Triangle, Bermuda, 1975 © John Pfahl
John made this series in the 1970s, but the images feel very contemporary because this style of photography is in vogue with the new wave of snapshot youth. But where many young photographers only go as deep as the ironic juxtaposition of an object in an environment, John's interventions manage to weave the primal simplicity of the Lascaux drawings with a playful complexity that reveals an intelligence very much of this time. 
Wave, Lave, Lace, Pescadero Beach, California, 1978 © John Pfahl
I love the way these photos play with space. John has created images that at once seem flat and two dimensional and then suddenly reveal a depth that is expansive as the ocean itself. Truly ahead of its time. 
Moonrise over Pie Pan, Capitol Reef National Park, Utah, 1977 © John Pfahl
Labels: John Pfahl





7 Comments:
Hi Amy -
maybe you would like Georges Rousse as well ? There is certainly a link with what Pfahl was doing, though it is very different work.
You can see the final works if you click to "project durham" then "media"
http://www.rousseprojectdurham.com/
Robert Phillips
These are nice. Like Georges Rousse, certainly, but also a lot like Andy Goldsworthy; wonder if he was aware of them? Anyway, thanks for putting them up.
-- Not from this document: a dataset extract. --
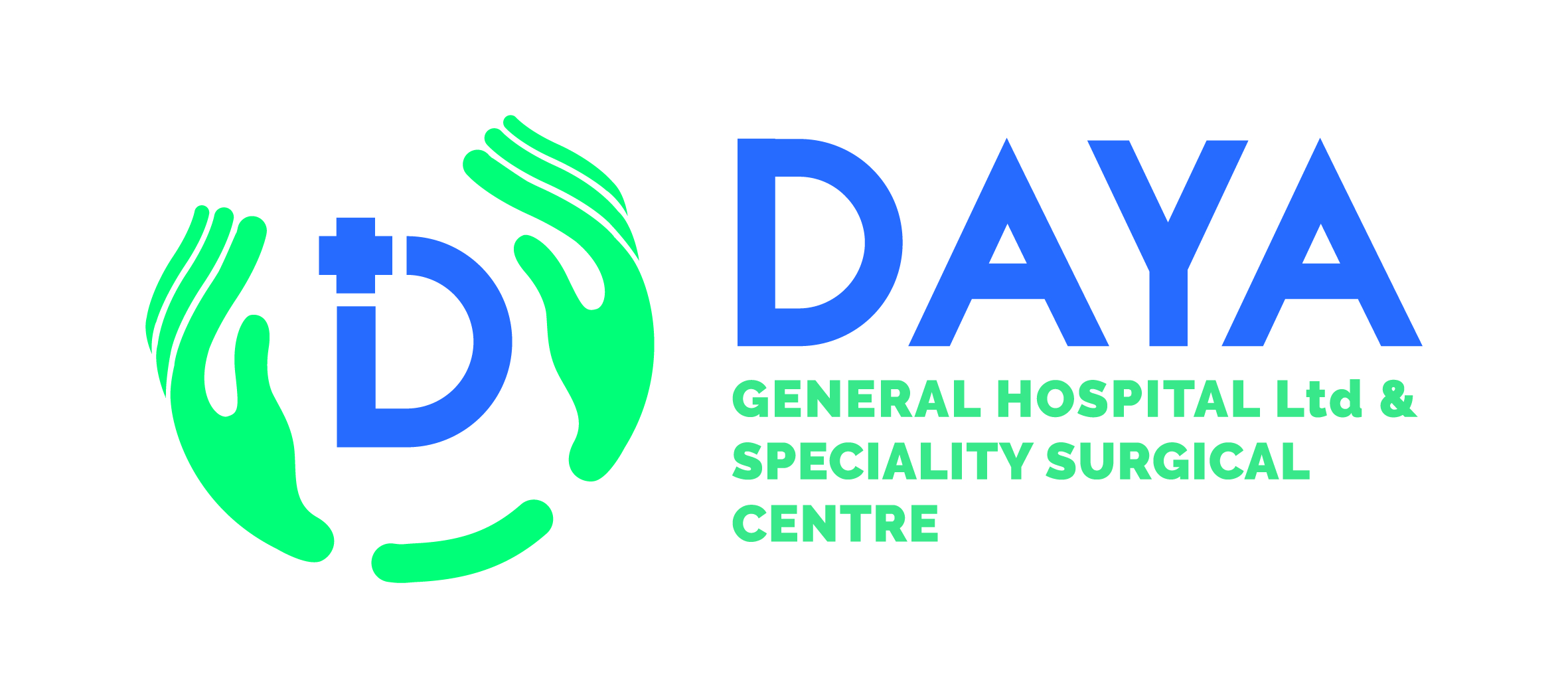 Daya General Hospital Limited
I believe Altered Landscapes predates Rousse and Goldsworthy by a few years.
i was just looking at his work the other day... in an old copy of PHotography Year 1979 --by Time Life Books.
i too had forgotten about his work and its brilliance.
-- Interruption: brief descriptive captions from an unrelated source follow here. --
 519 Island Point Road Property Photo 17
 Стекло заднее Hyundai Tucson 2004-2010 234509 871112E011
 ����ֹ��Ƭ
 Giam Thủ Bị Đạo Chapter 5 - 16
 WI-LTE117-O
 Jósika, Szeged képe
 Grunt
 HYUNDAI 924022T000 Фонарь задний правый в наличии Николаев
would love to see actual prints someday.
I'm a big fan of this work. While the early 80's Altered Landscapes book is OK and can be picked up for 10 bucks, the bigger survey published by UNM called A Distanced Land is the one to get. - JR
John Pfahl's Altered Landscapes series, as well as the work of Eggleston and Sternfeld, has been a huge source of inspiration for me.
I'm jealous that you got to see their work in person!
This reminds me of those sculptors in the 70's who created massive sized earthworks for their art. Can't remember their names, but I think one of them surrounded a load of islands somewehere with pink plastic.